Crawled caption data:
***
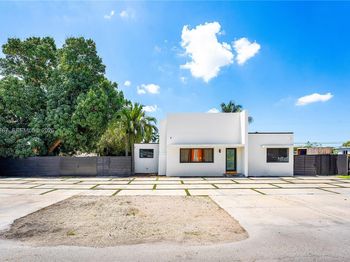 3040 NW 93rd St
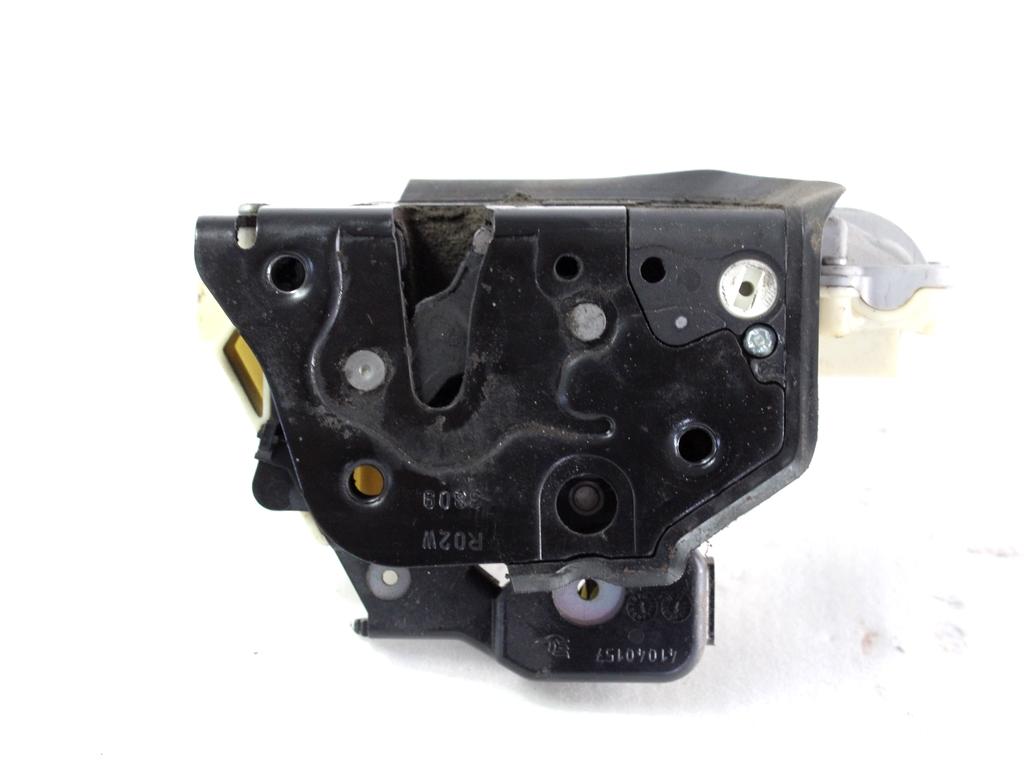 CENTRALNI ZAKLEP SPREDNJIH VRAT  OEM N. 4F1837016 ORIGINAL REZERVNI DEL AUDI A3 MK2R 8P 8PA 8P1 8P7 (2008 - 2012)BENZINA LETNIK 2009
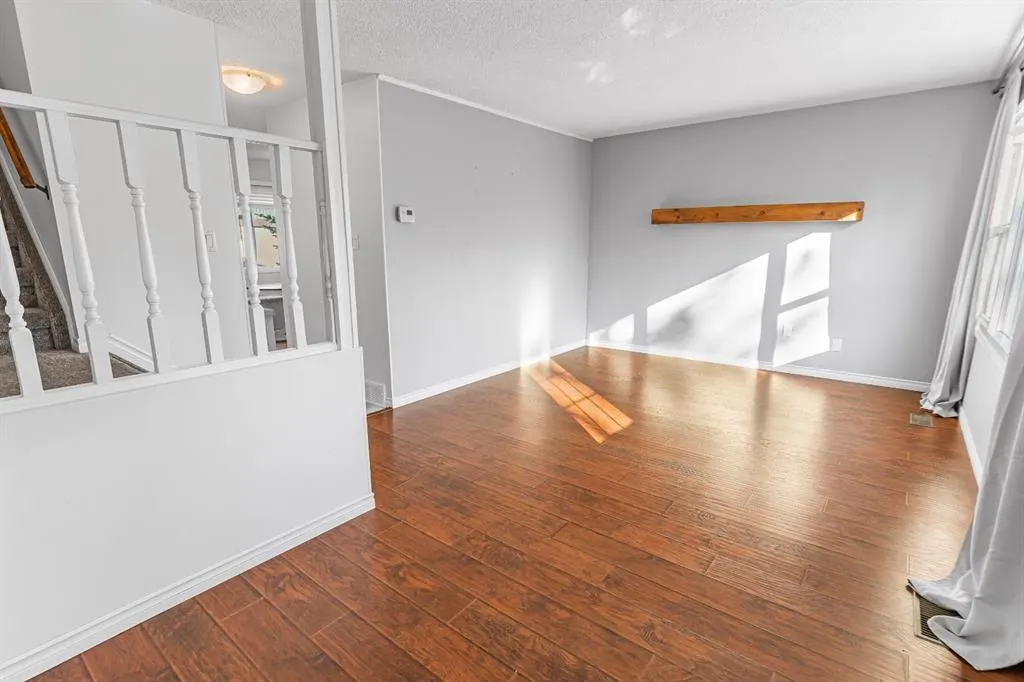 7853 Cedarwood Park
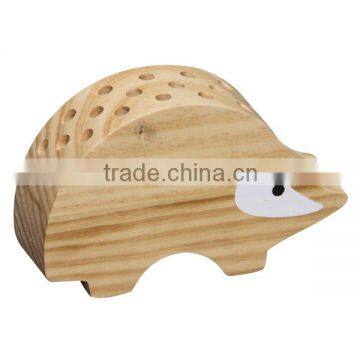 China factory FSC&BSCI animal shape wooden pen gift holder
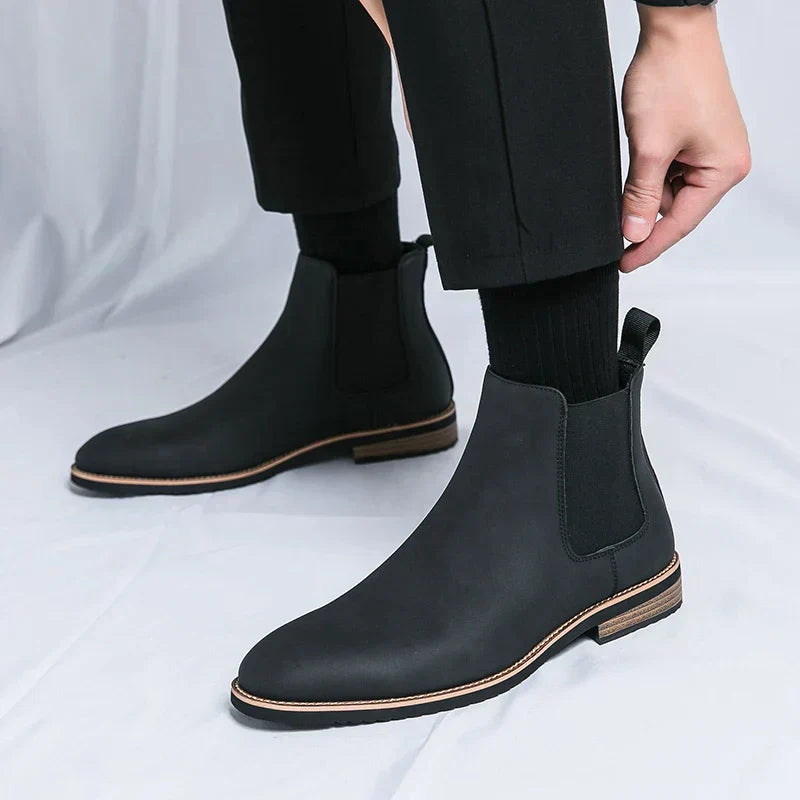 Cosmo | Classic Chelsea Boots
***
Description of the task:
What you return must match the data above exactly, with no images included.

Answer to the problem:
 3040 NW 93rd St
 CENTRALNI ZAKLEP SPREDNJIH VRAT  OEM N. 4F1837016 ORIGINAL REZERVNI DEL AUDI A3 MK2R 8P 8PA 8P1 8P7 (2008 - 2012)BENZINA LETNIK 2009
 7853 Cedarwood Park
 China factory FSC&BSCI animal shape wooden pen gift holder
 Cosmo | Classic Chelsea Boots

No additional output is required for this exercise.